Eastern Regional Minister
- Incumbent
- Assumed office February 2017
- President: Nana Akuffo-Addo
- Preceded by: Antwi Boasiako Sekyere

Personal details
- Born: Ghana
- Party: New Patriotic Party

= Kwakye Darfour =

Ghanaian politician

Eric Kwakye Darfour (born 1957) is a Ghanaian politician and a member of the New Patriotic Party in Ghana. He is the Eastern Regional minister of Ghana. He was appointed by President Nana Addo Danquah Akuffo-Addo in January 2017 and was approved by the Members of Parliament in February 2017.

== Early life and education ==
He was born on the 29 September 1957 in Achimota Accra. He started his basic education at Obo Government School in Obo Kwahu his hometown. After his middle school certificate he processed to St.
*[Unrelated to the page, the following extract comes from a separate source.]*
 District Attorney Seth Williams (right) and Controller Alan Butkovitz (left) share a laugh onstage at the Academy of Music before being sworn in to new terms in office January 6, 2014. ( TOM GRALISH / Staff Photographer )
John Grammar School and Ofori Panin Senior High for his 'O' Level And 'A' Level respectively.

In 1981, Kwakye Darfour studied in the University of Dakar, Senegal for a higher diploma in French and later acquired BA (HONS) in French and Linguistics from University of Ghana, Legon.

== Political career ==
He was elected in 2012 Ghanaian general elections and re-elected in 2017 after obtaining 73.48% of votes cast.